Climate Migration Frightens… Climate Poverty Is Frightening!

Yves here. The title comes directly from VoxEU, and I can’t recall anything before there that might be deemed “clickbait-y”. However, as we’ve pointed out from time to time, starting in the early 2000s, the Pentagon believed that large-scale, destabilizing, climate-change induced migrations were coming and has been considering the implications.

Note that the US military (at least based on the accounts I’ve read of their earlier work; they may have changed or refined their position) seemed most concerned about cross border migration, with “What happens to Bangladesh?” as a case study. However, this analysis suggests most migrations will be internal…which can still be plenty destabilizing.

By Michał Burzyński, Researcher, Luxembourg Institute of Socio-Economic Research, Christoph Deuster, United Nations Population Division, Frédéric Docquier, Professor of Economics, Universite Catholique de Louvain and Jaime de Melo, Senior Fellow, FERDI; Emeritus professor, University of Geneva. Originally published at VoxEU

There has been much discourse on how long-term climate change will affect human mobility over the course of the 21st century.
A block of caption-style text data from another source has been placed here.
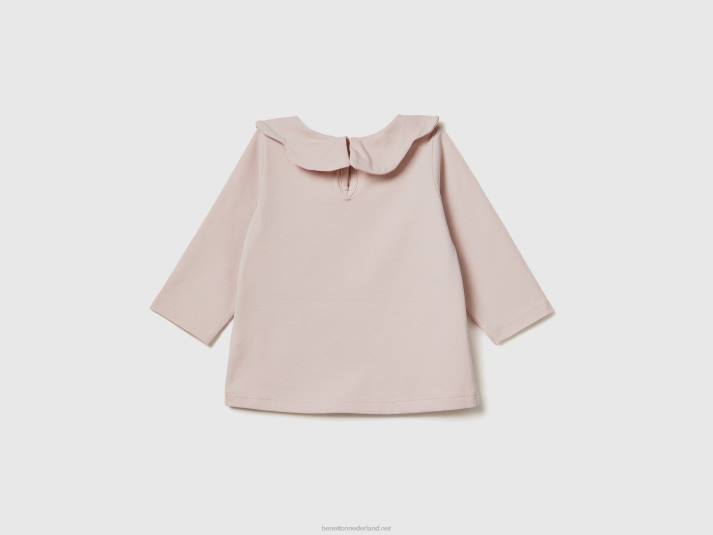 kinderen Benetton T-shirt met lange mouwen en kraag zacht roze 4R625793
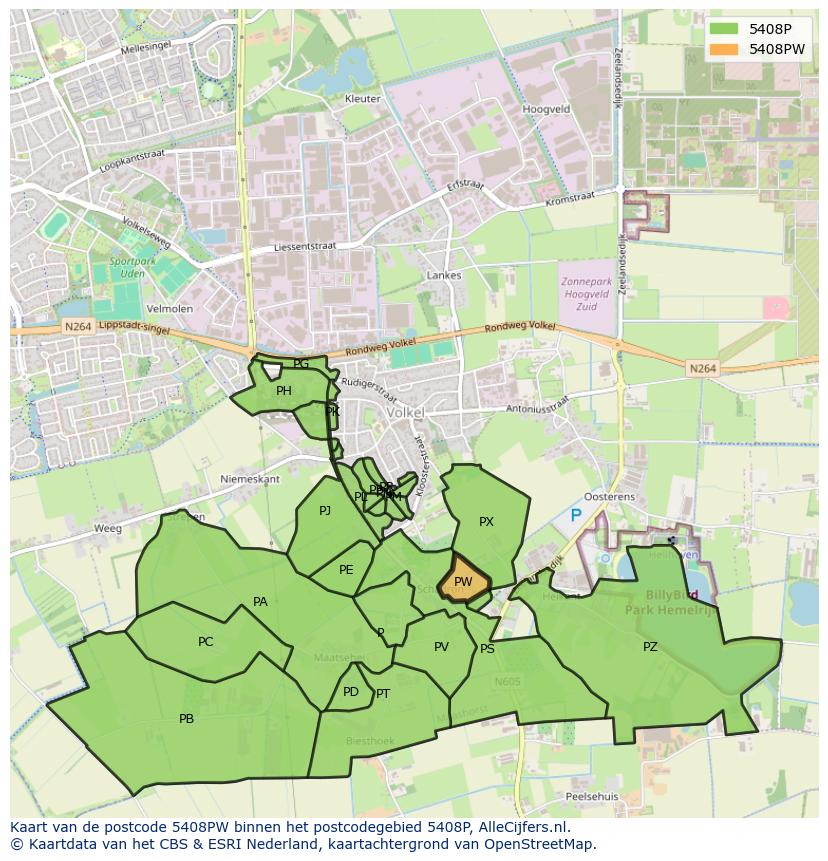 Afbeelding van het postcodegebied 5408 PW op de kaart.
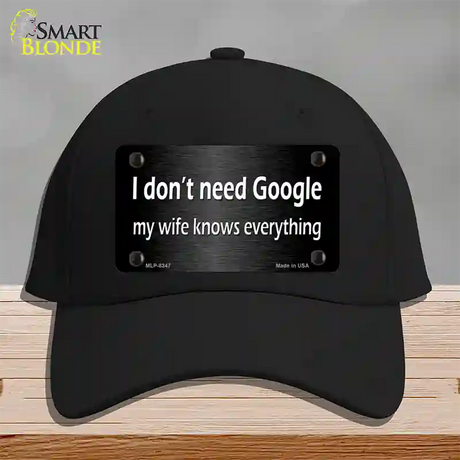 Dont Need Google Novelty License Plate Hat Cotton / Black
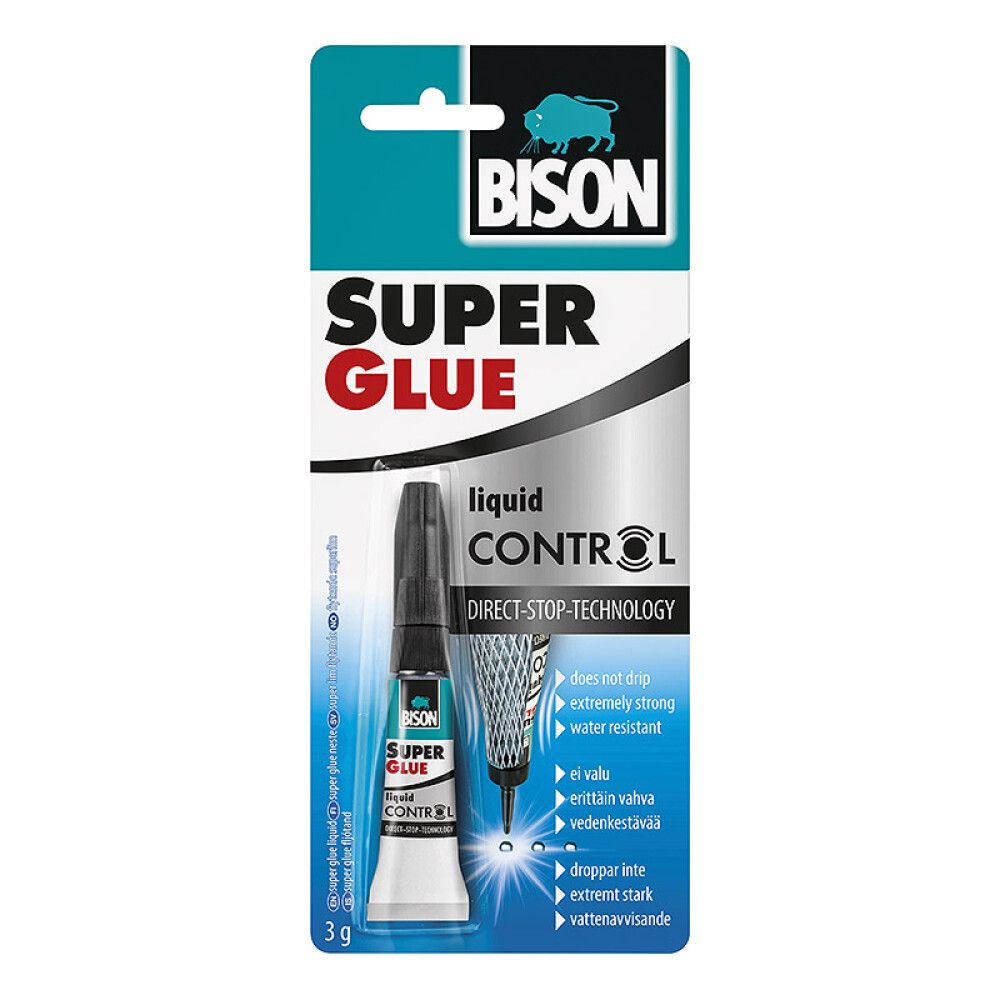 Liim Bison Super Glue Control 3 g, läbipaistev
This column estimates the long-term welfare and mobility responses to climate change. Depending on the scenario, climate change will force between 210 and 320 million people to move, mostly within their own countries. Massive international flows of climate refugees are unlikely, except under generalised and persistent conflicts. The poorest economies will be hardest hit, thus increasing global inequality and extreme poverty.

Over the 21st century, climate change will manifest itself through anthropogenic temperature changes, sea-level rise, and increased frequency/intensity of extreme weather events and natural disasters. Damages from climate change are expected to vary across and within countries according to proximity of seas and oceans, land topology, industry structure, and initial temperature levels. Developing countries that have contributed the least to climate change will be the most adversely affected, and migratory pressures – both internal and international – will presumably be strongest in the poorest countries of the world (Dell et al. 2014).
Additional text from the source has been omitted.